Enfin, l'indicateur relatif à la surface des prairies dans la zone du marais poitevin , seul à avoir enregistré un bon résultat en 2006, n'était pas renseigné dans le RAP de la mission « Politique des territoires » annexé au projet de loi de règlement des comptes pour 2007. Ce document justifiait l'absence de chiffrage par la modification, en 2007, des logiciels et procédures de traitement des déclarations afférentes à la politique agricole commune (PAC).
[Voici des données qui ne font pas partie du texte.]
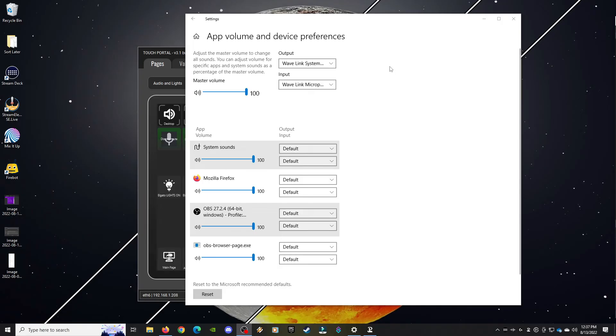Now when we press those two buttons on our Touch Portal, you should be able to see your output change. Let's find out. Here we are in the Windows Mixer. I'm going to click the Arctis 7 button we created — there's our headphones. I'm going to click back on the Wavelength button we created. And there we go. Super simple to switch back and forth between default audio devices now.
Il précisait que l'indicateur pourrait être renseigné en cours d'année 2008, mais le PAP de la mission annexé au présent PLF ne comporte pas non plus l'information .
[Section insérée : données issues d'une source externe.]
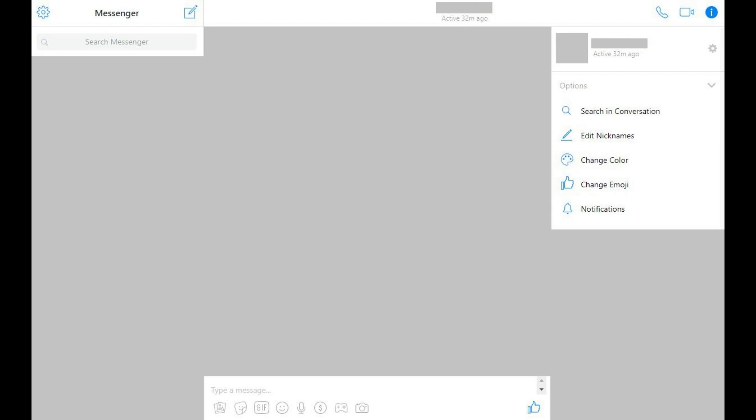Step 2. Click the Facebook Messenger chat you want to search in the list on the left side of the screen. That conversation will open in the center of your screen.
* 23 Pour le détail de l'exécution du PITE en 2006 et en 2007, voir respectivement le rapport n° 393 (2006-2007), tome II, sur le projet de loi de règlement du budget pour 2006 ; et le rapport n° 433 (2007-2008), tome II, sur le projet de loi de règlement des comptes pour 2007.

* 24 Le ministère de l'intérieur, au moment de la rédaction du présent rapport, n'était pas encore à même de dresser un bilan de la fongibilité pratiquée au sein du PITE en 2008. Cette faculté, en effet, trouve principalement à être mise en oeuvre en fin d'exercice.

* 25 Voir le rapport d'information n° 402 (2007-2008) de notre collègue Fabienne Keller, sur le suivi des procédures d'infraction au droit communautaire dans le domaine de l'environnement.

* 26 Cf. le rapport n° 99 (2005-2006), tome III, annexe 18.

* 27 Cf. le rapport n° 78 (2006-2007), tome III, annexe 18.

* 28 Cf. le rapport n° 91 (2007-2008), tome III, annexe 20.

* 29 Cf. le rapport n° 393 (2006-2007), tome II.

* 30 Cf. le rapport n° 433 (2007-2008), tome II.